Weekend, così Andrew Haigh sfida i pregiudizi
Il nome di Andrew Haigh probabilmente dirà poco o niente ai più, nonostante questo semi-sconosciuto regista britannico abbia avuto modo di farsi positivamente notare negli ultimi mesi. Nel nostro Paese ha esordito recentemente con l’acclamato 45 anni, valso a Charlotte Rampling una candidatura agli ultimi Oscar come miglior attrice protagonista. Arriva il prossimo 10 marzo in sala, invece, Weekend, che di Haigh è stata l’opera prima, uscita nel 2011 e accolta con favore nei festival di tutto il mondo. Miglior regista rivelazione e miglior sceneggiatura sono solo alcuni dei riconoscimenti che il regista ha ottenuto grazie a Weekend. Come in 45 anni, anche qui tutto ruota intorno a una coppia: Glen e Russell si conoscono una sera in un locale gay, passano la notte insieme e nell’arco di un solo fine settimana arrivano a conoscersi e condividere paure, sentimenti, ricordi. Una storia estremamente semplice, che conferma come al regista inglese interessi indagare il quotidiano, l’ordinario; un po’ per motivi di budget ristretto, ma anche per una straordinaria predisposizione all’osservazione minuziosa e dettagliata dei sentimenti umani.
Weekend dimostra anche un’intelligente originalità nei temi trattati: gli ultimi anni sono stati quelli in cui il cinema ha proposto sempre più storie di amori gay; da La vita di Adele ai più recenti Freheeld e Carol, passando per il nostrano Io e lei. Tuttavia la differenza tra i protagonisti raccontati da Andrew Haigh e le produzioni hollywoodiane (e non) non potrebbe essere più netta; queste ultime solitamente si concentrano sul tema dei diritti negati, su amori tenuti nascosti o sul momento del coming out, in una spettacolarizzazione della “diversità” che è totalmente assente in Weekend. Il film di Andrew Haigh non assomiglia a nessun’altra pellicola finora uscita in sala che tratti il tema LGBT. E se La vita di Adele ha sdoganato il sesso lesbo al cinema, Weekend sembra piuttosto suggerire come quello tra due uomini, e l’omosessualità in generale, sia ancora un tabù incrollabile, nonostante l’ormai diffuso riconoscimento legale. Stilisticamente, il film vuole avvicinare lo spettatore alla storia in tutti i modi possibili: prevalgono primi piani e inquadrature estremamente ravvicinate ai volti dei protagonisti. Haigh fa ampio uso di camera a mano e sceglie un approccio documentaristico, tanto che ci si sente inseriti nella scena, quasi come se ci si trovasse nella stessa stanza con Glenn e Russell.
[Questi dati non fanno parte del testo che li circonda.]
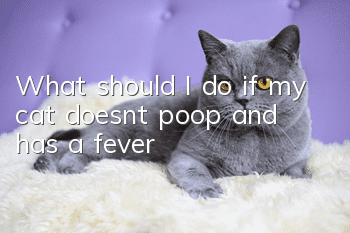 What should I do if my cat doesn’t poop and has a fever?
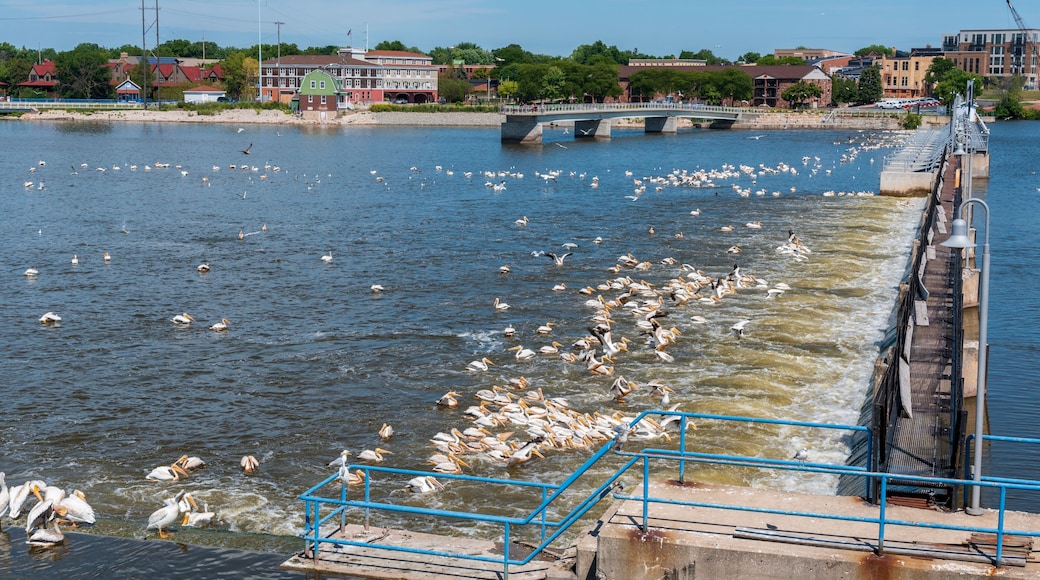 Hundreds of American White Pelicans Feed At The De Pere, Wisconsin, Dam On Fox River In Mid August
Tuttavia, Weekend riesce a trascendere il tema LGBT per raccontare la storia intima e toccante di due persone che si innamorano. Non manca comunque una riflessione sul tema dei diritti, ma nel momento storico in cui più se ne sta discutendo, nel mondo politico e non, Haigh pone l’accento sulla quotidianità di una coppia, raccontandoci come l’omosessualità venga vissuta nel privato da due persone normali, che si incontrano e si innamorano per caso proprio come succede a chiunque. Nella sua semplicità insomma, il film di Haigh è quasi rivoluzionario, perché “normalizza” l’amore tra persone dello stesso sesso rinunciando a quell’aura di clamore che solitamente accompagna storie di questo tipo al cinema. Non manca comunque di far notare la polarizzazione tra due mondi ancora distanti attraverso l’ipocrisia eterosessuale, disposta ad accettare un’unione gay a patto che questa non si manifesti esplicitamente in pubblico. Tutto questo rende Weekend un film estremamente autentico e vicino alla realtà. La pellicola si regge interamente sulla sceneggiatura e sulle ottime interpretazioni, potendo evidentemente contare su poco altro, viste le ristrettezze economiche. Soprattutto, si regge sullo sguardo intuitivo e misurato di Haigh, che riesce davvero a restituire un ritratto toccante dell’intimità nascente tra i protagonisti, scavando a fondo nei loro sentimenti. Come opera indipendente Weekend rimarrà probabilmente lontano dal pubblico di massa, ma certamente non ha mancato di far emergere il nome e il talento di Andrew Haigh.